(Beginning of EXERCISE MATERIALS)
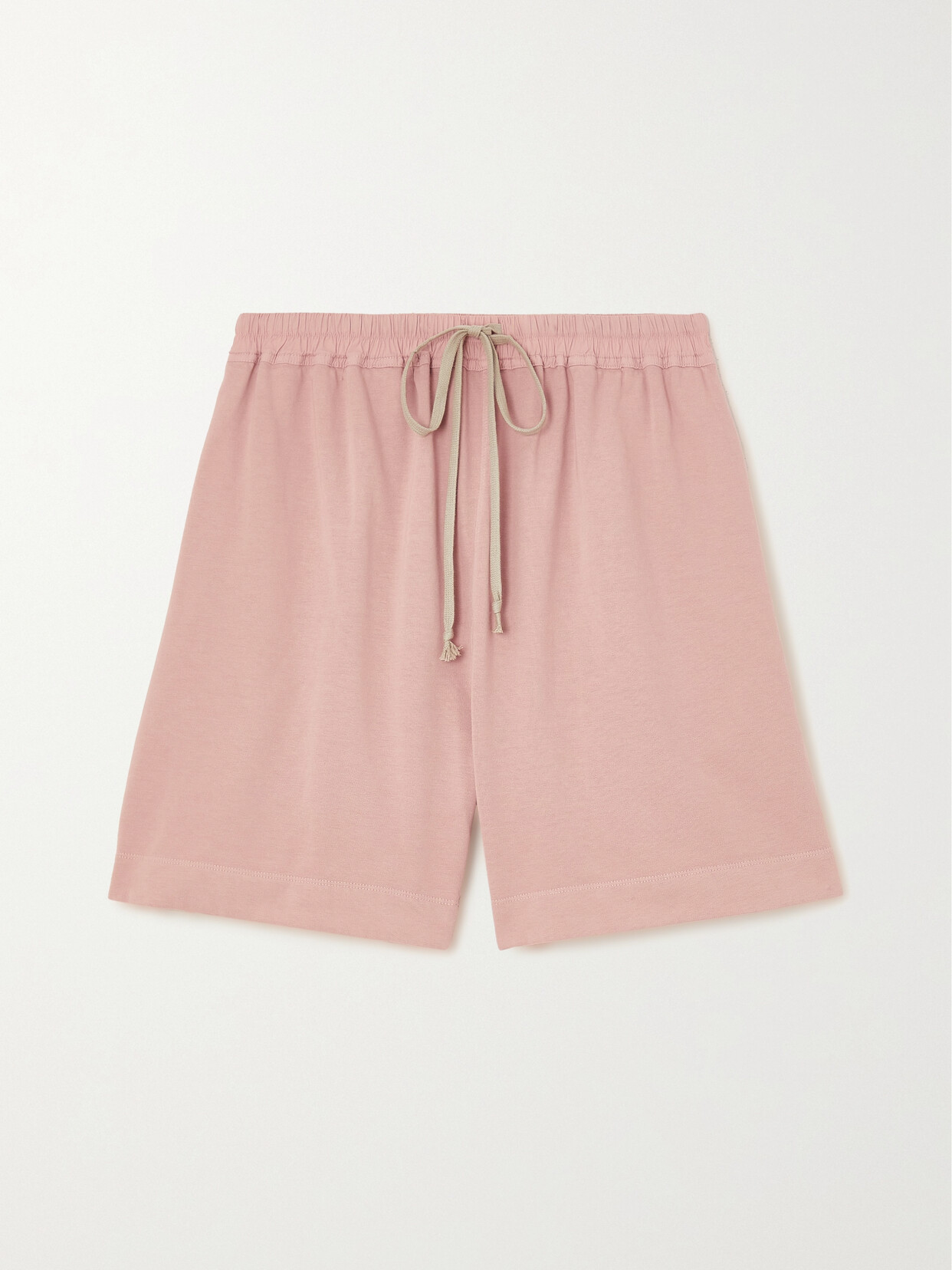 Rick Owens - Cotton-jersey Shorts - Pink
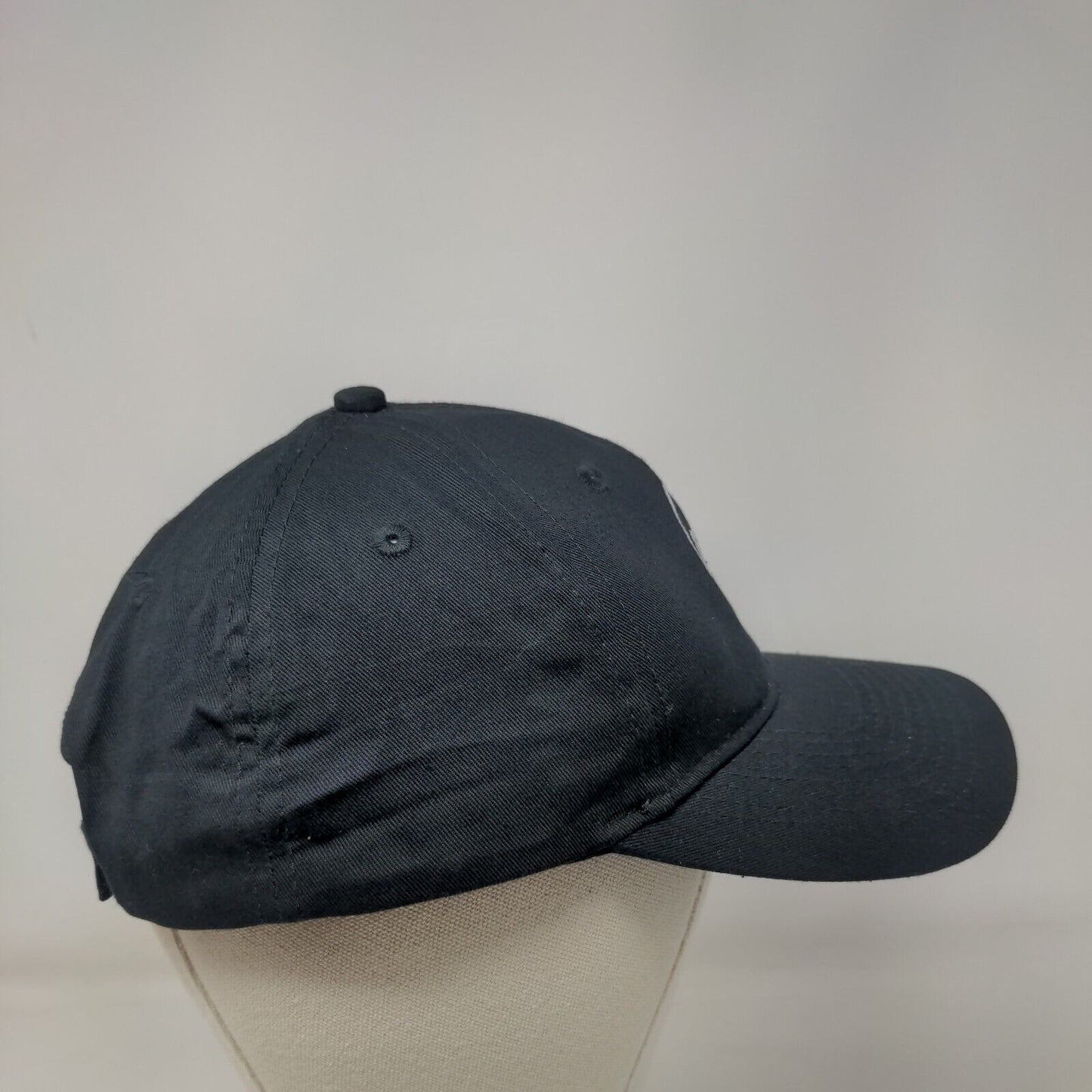 COTR Strapback Hat Black One Size Adjustable Embroidered 6 Panel Port & Company
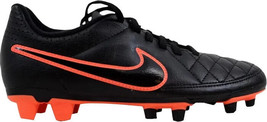 Nike Tiempo Rio II FG Black/Black-Action Red-Bright Mango 630860-002 Wom... - $74.99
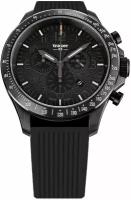 Часы Traser P67 Officer Pro Chrono Black с каучуковым ремешком 109469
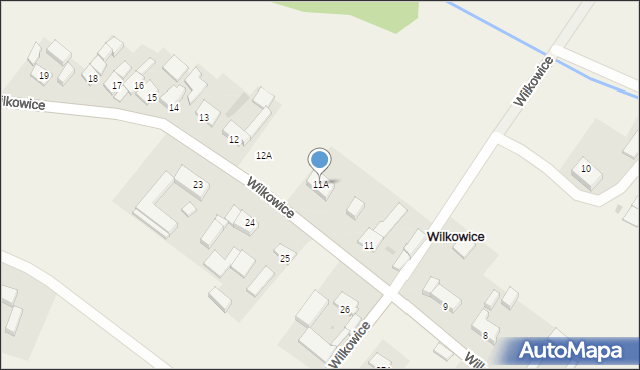 Wilkowice, Wilkowice, 11A, mapa Wilkowice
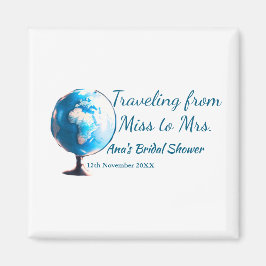 旅行 ブライダルシャワー 追加 名前 日付 ミスからミセス シムへ マグネット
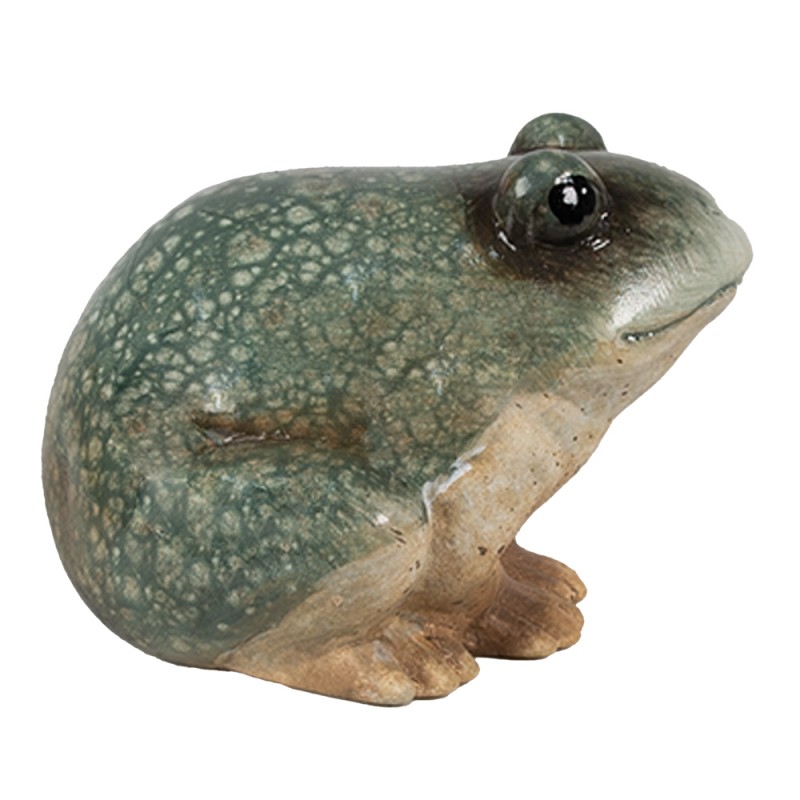 Clayre & Eef Beeld Kikker 9 cm Groen Keramiek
(End of EXERCISE MATERIALS)
EXERCISE DETAILS: Each record above must be retyped exactly as given, with the images excluded.

SOLUTION FOR THIS TASK:
 Rick Owens - Cotton-jersey Shorts - Pink
 COTR Strapback Hat Black One Size Adjustable Embroidered 6 Panel Port & Company
 Nike Tiempo Rio II FG Black/Black-Action Red-Bright Mango 630860-002 Wom... - $74.99
 Часы Traser P67 Officer Pro Chrono Black с каучуковым ремешком 109469
 Wilkowice, Wilkowice, 11A, mapa Wilkowice
 旅行 ブライダルシャワー 追加 名前 日付 ミスからミセス シムへ マグネット
 Clayre & Eef Beeld Kikker 9 cm Groen Keramiek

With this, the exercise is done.